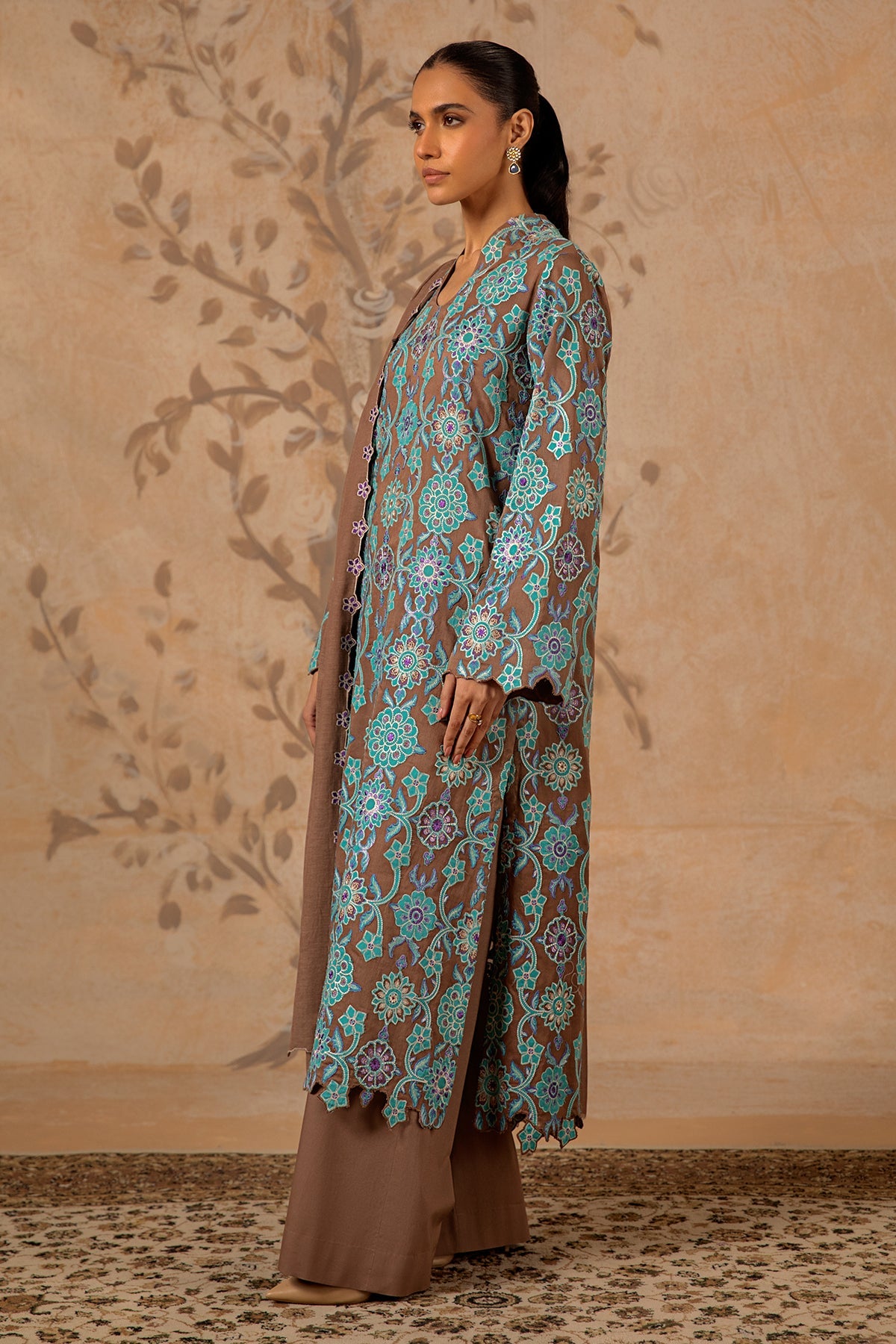3 Piece - Dyed & Embroidered Malmal Suit - MC1215-27 - Shop Now at Kayseria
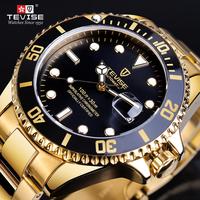 TEVISE Luxury Calendar Gold Waterproof Stainless Steel Men Automatic Mechanical Business Fashion Wrist Watch Luminous Date Clock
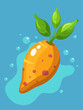 A sweet potato sits on a bed of water droplets, its vibrant orange hue contrasting with the clear liquid.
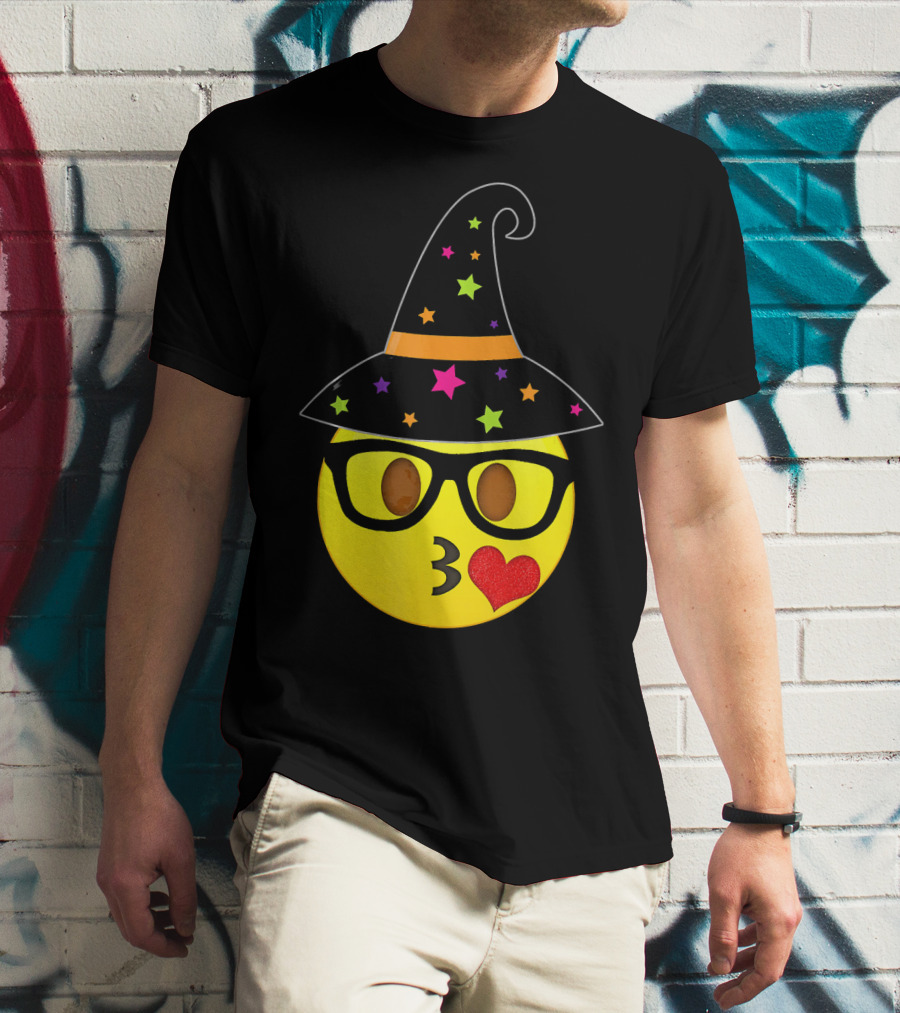 Funny Halloween Witch Hat Emoji Nerd Glasses Kissy Face T-Shirt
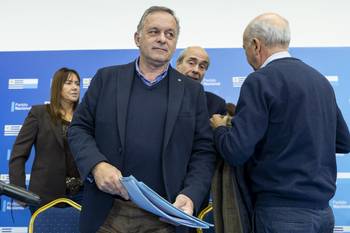 María de Lima, Álvaro Delgado, Pablo Abdala y Javier García, el 28 de setiembre, en la sede del Partido Nacional. · Foto: Rodrigo Viera Amaral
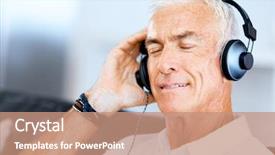  Presentation with gray - Audience pleasing slide set consisting of handsome gray haired senior man backdrop and a  colored foreground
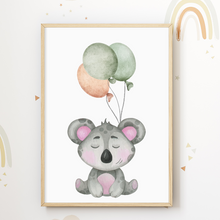 Laden Sie das Bild in den Galerie-Viewer, Tiere Luftballon Bilder 4er Set DIN A4 Kinderzimmer Poster Babyzimmer Wandbilder Dekoration - Affe Löwe Koala Giraffe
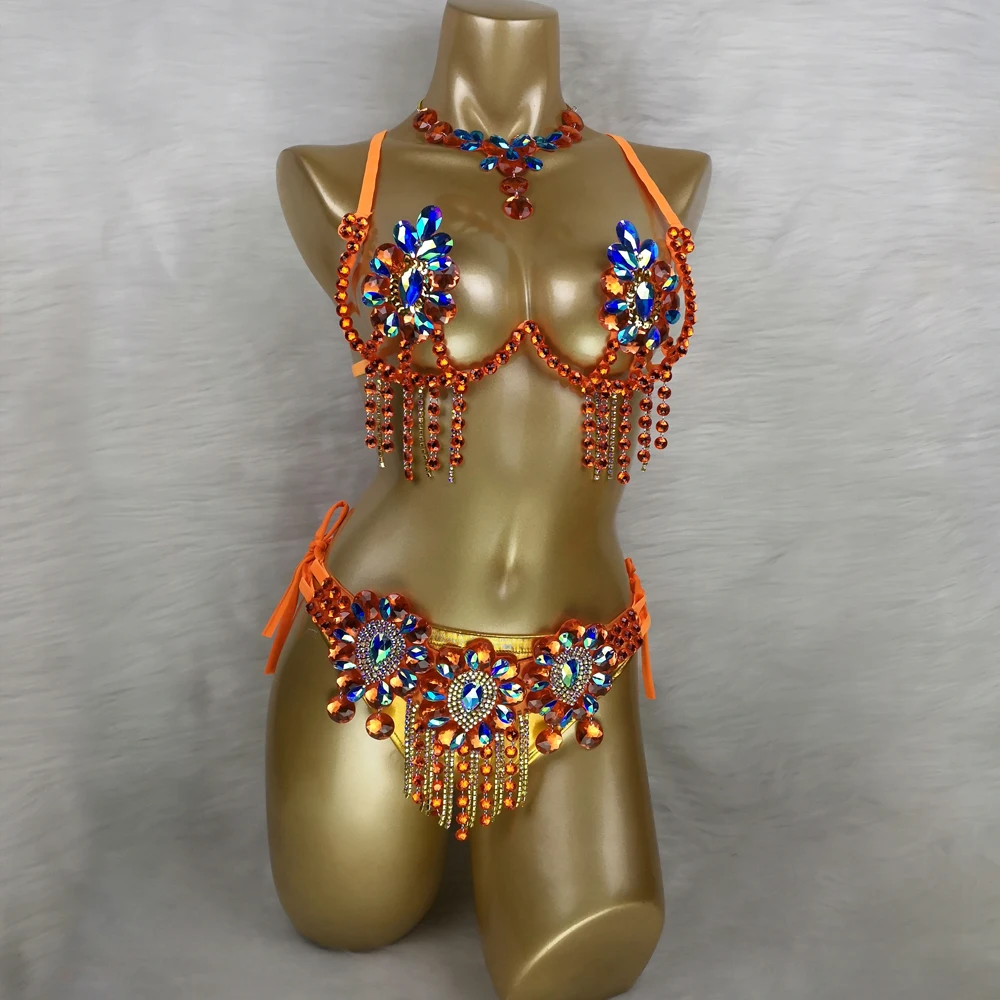 New Arrival Sexy Samba Carnival for Women Wire Bra & Belt Stones Samba Suit Party Rave Dancing Outfit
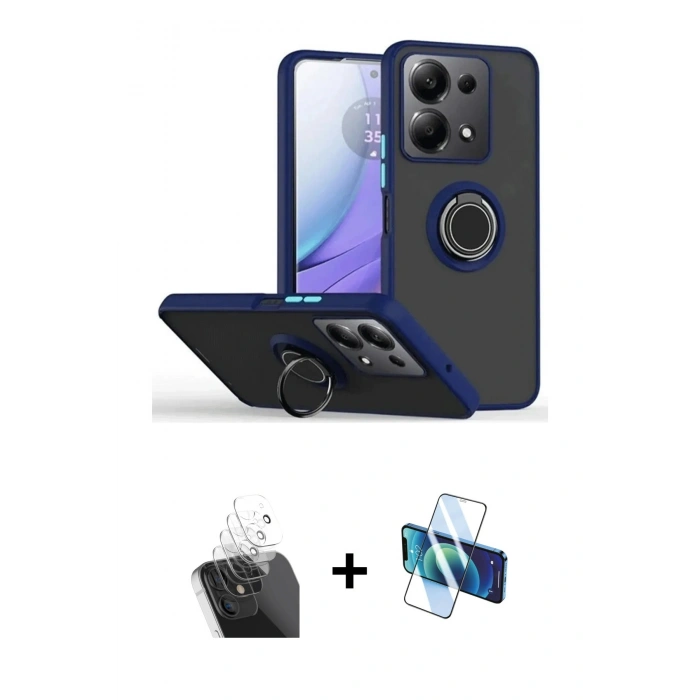 MARSİLYAN™- Redmi Note 13 Pro 4G Kılıf Yörünge Çizgi - Siyah 3D Antistatik Cam Ekran Koruyucu + Kamera Lens Koruma Cam - SF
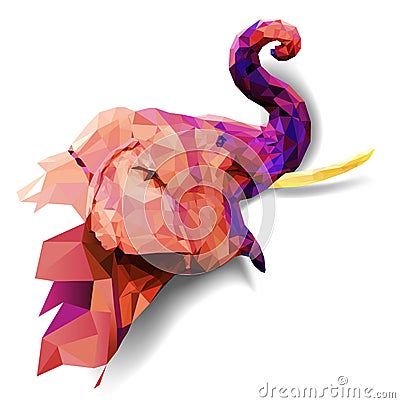 Elephant Low poly multicolored,Geometric pattern design, eps10 vector Vector Illustration
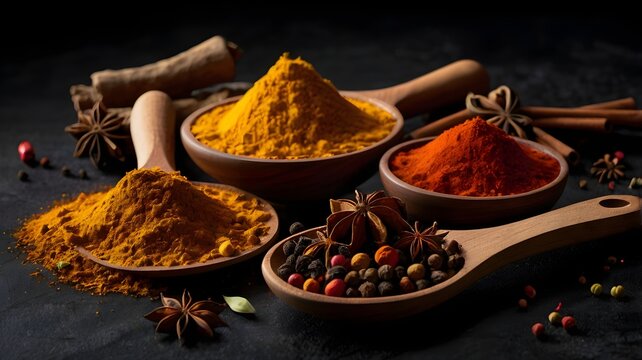 Colorful spices on black background.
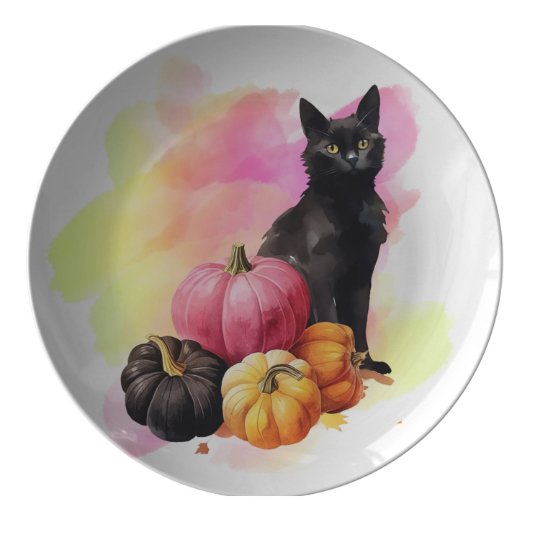 Black Cat And Pumpkins 10" Plate - crazyaboutcoffeeandcats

Activity: Locate "New Arrival Sexy" in the listing above, then print exactly the lines from that line through the final one, omitting all pictures.

Task response:
 New Arrival Sexy Samba Carnival for Women Wire Bra & Belt Stones Samba Suit Party Rave Dancing Outfit
 MARSİLYAN™- Redmi Note 13 Pro 4G Kılıf Yörünge Çizgi - Siyah 3D Antistatik Cam Ekran Koruyucu + Kamera Lens Koruma Cam - SF
 Elephant Low poly multicolored,Geometric pattern design, eps10 vector Vector Illustration
 Colorful spices on black background.
 Black Cat And Pumpkins 10" Plate - crazyaboutcoffeeandcats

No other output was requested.